One of the most bizarre is the suggestion that consumers switch to milk or white chocolate and/or choose a low percentage dark chocolate bar. Without wishing to discourage people from consuming craft milk or white chocolate, in most cases they contain more sugar than dark bars. And in the case of most mass-produced chocolate, sugar comprises more than 50% of the ingredients of their milk and white bars (and many dark bars).
Eating too much sugar is a key cause of our current obesity epidemic, and also child and adult diabetes. So trying to protect people’s livers and kidneys from cadmium by switching to higher sugar alternatives is akin to asking a kid to stop playing with matches and instead play with loaded guns!
It’s great that Consumer Reports did this research and testing. And we hope that someone will do something similar here in the UK/Europe.
In the meantime, we’ve collected a tonne of studies by co-operatives, farms, makers, and craft chocolate distributors showing that their beans are not contaminated by lead or cadmium (thanks to Kokoa Kamili, Conexión, Tibitó, Original Beans, and many more).

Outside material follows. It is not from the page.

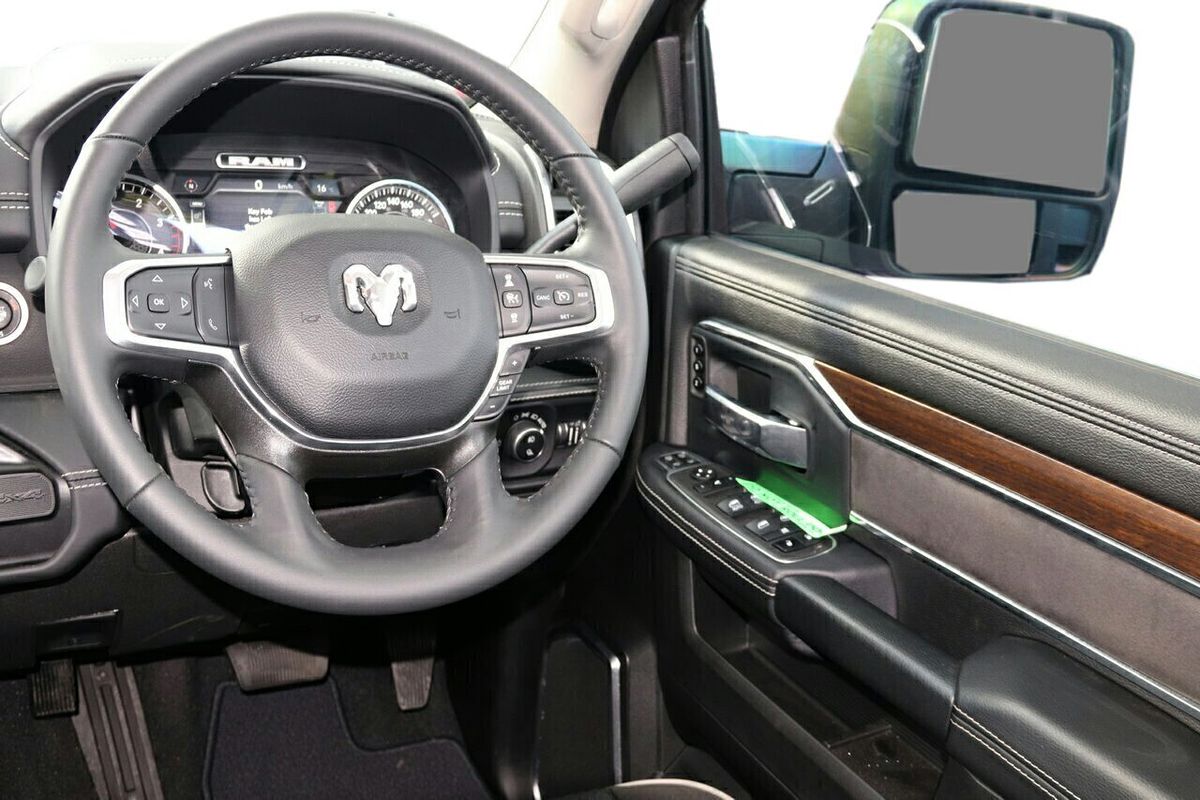 2024 RAM 2500 Laramie DJ 4X4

Having said this, most of the other journalistic follow-up, missed the chance to learn a few deeper lessons, in particular;
- The positive angle here is that this discovery provides another great reason why you should only buy chocolate if you know where the beans come from and how the chocolate’s been made. Chocolate that is traceable and transparently traded is safer, as well as being far more flavoursome, ethical and environmentally friendly. So please tell your friends to upgrade to craft chocolate.

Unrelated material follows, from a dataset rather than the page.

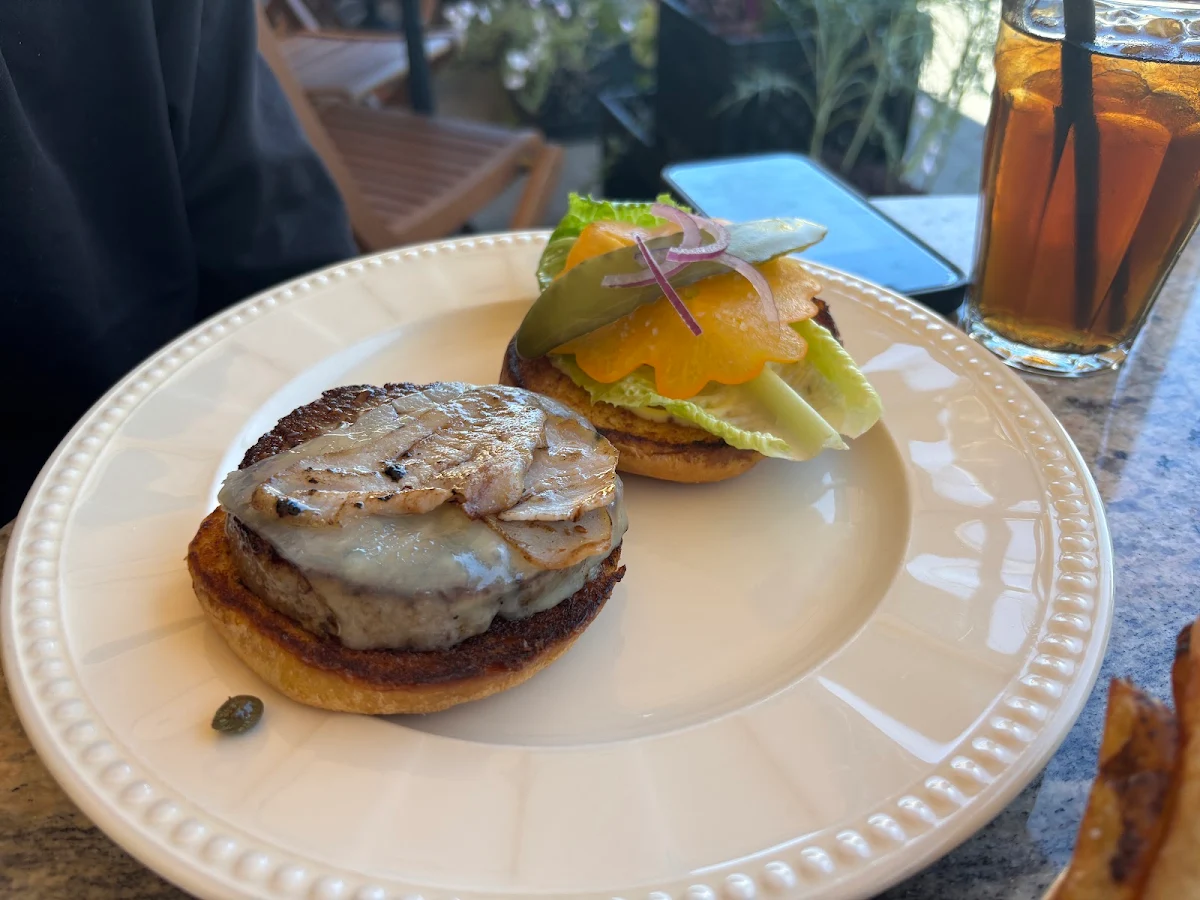 Tuna Cheeseburger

- The ‘elephant in the room’ question is; why has so little attention been paid to Consumer Reports’ work. Big chocolate’s silence has been deafening. Even the threat of legal cases hasn’t generated much of a response. Depending on where you live, 15-25% of people eat chocolate daily. And over two thirds of the people in most Western countries will have eaten chocolate in some form over the last week. There is no reason for us to run a risk of consuming chocolate with excessive amounts of cadmium and/or lead. Big chocolate knows full well what gives rise to cadmium and lead in chocolate, and in how to avoid this. But yet again rather than address this issue, and reflect on the inequities of many of their sourcing practices, big chocolate is hoping that if it says nothing, this issue will blow over. Sadly, big chocolate has learnt that silence can sometimes work (see how they stonewalled the criticism of all the ‘healthy heart studies’ sponsored by Mars in the 2000s).

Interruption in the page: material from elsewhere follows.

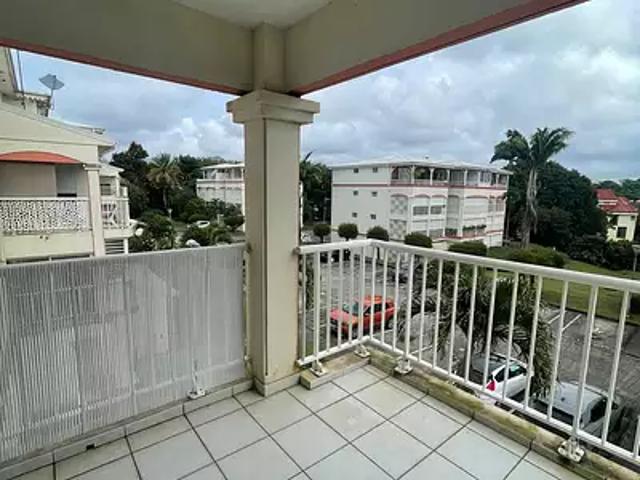 Fort de France 97200 Location appartement 2 pièces t2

- On a related note, why are we willing to have so much junk in our chocolate? Cadbury built its brand, in the 19th century, on selling the “purest cocoa powder”. Take a look at any supermarket chocolate bar and see how many ingredients you have in your kitchen cupboard. Granted these are ‘permitted’ ingredients. But why are we consuming them given that we don’t need these additives, vegetable fats, emulsifiers, palm oils etc. to make chocolate that really is worth savouring? How do we (re)create consumer appetite for “less is more” and “purity” of ingredients similar to the way Cadbury’s did this in the 19th century?
So please, please look at the label. Check where the bar is made (not where it’s ‘assembled’ or ‘reconstituted’). Check where the beans come from. Trust the likes of Simran and Bryan from Kokoa Kamili, and Alex Whitmore of Taza.
Craft chocolate bars taste better. They are better for the environment. They are better for the farmers. And they are better, and safer, for you and your families. Less really is more. Less lead and cadmium. More transparency.